**Goal of the exercise**
Retype the following data exactly, but leave its pictures out.

**Data excerpt**
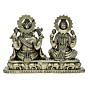 Brass Ganesh And Laxmi KBH10272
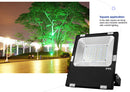IP65 2.4G RF Wireless Control 30W Smart RGB+CCT LED Flood Light
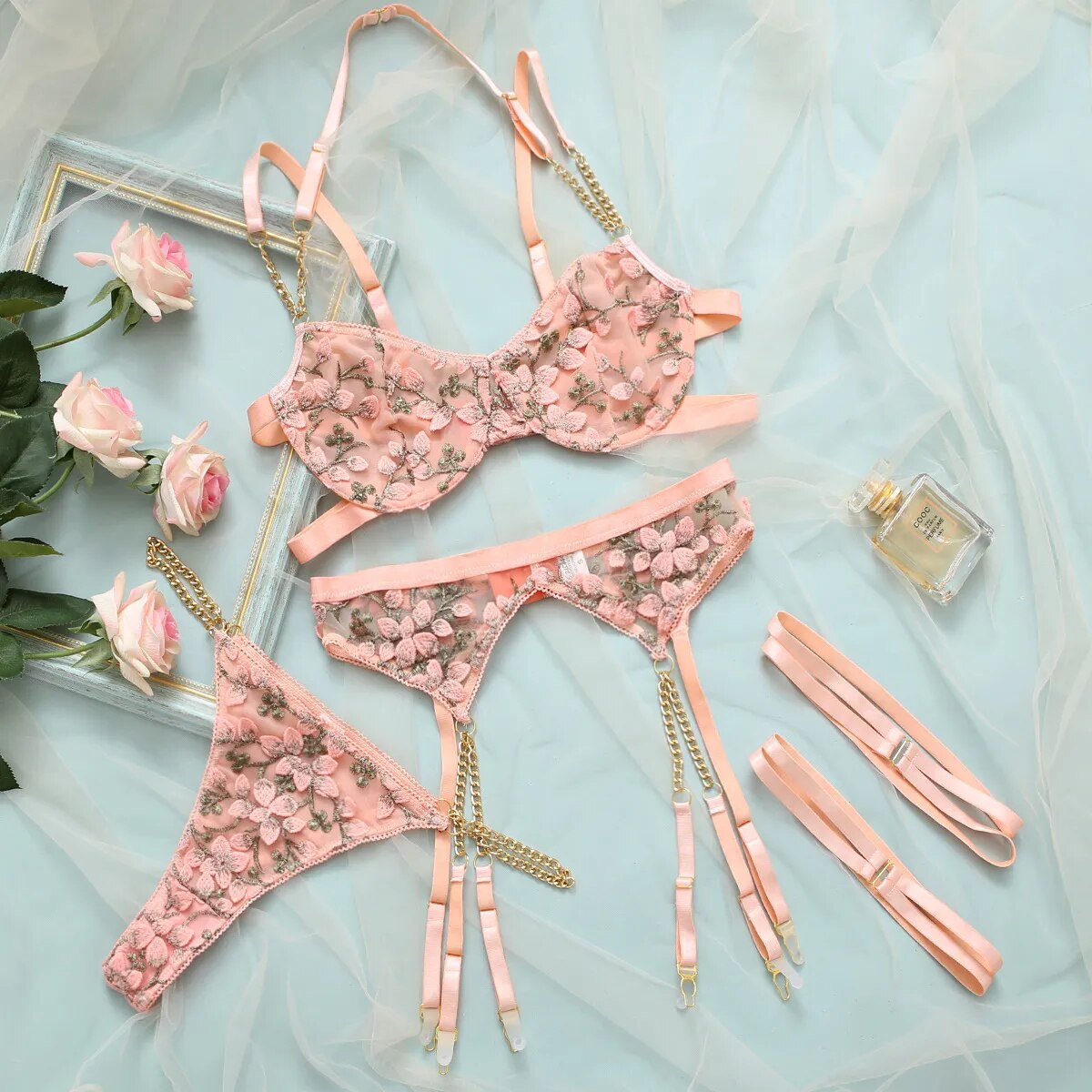 FancyStar™  Fansy Fairy Lingerie Set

**Expected output**
 Brass Ganesh And Laxmi KBH10272
IP65 2.4G RF Wireless Control 30W Smart RGB+CCT LED Flood Light
 FancyStar™  Fansy Fairy Lingerie Set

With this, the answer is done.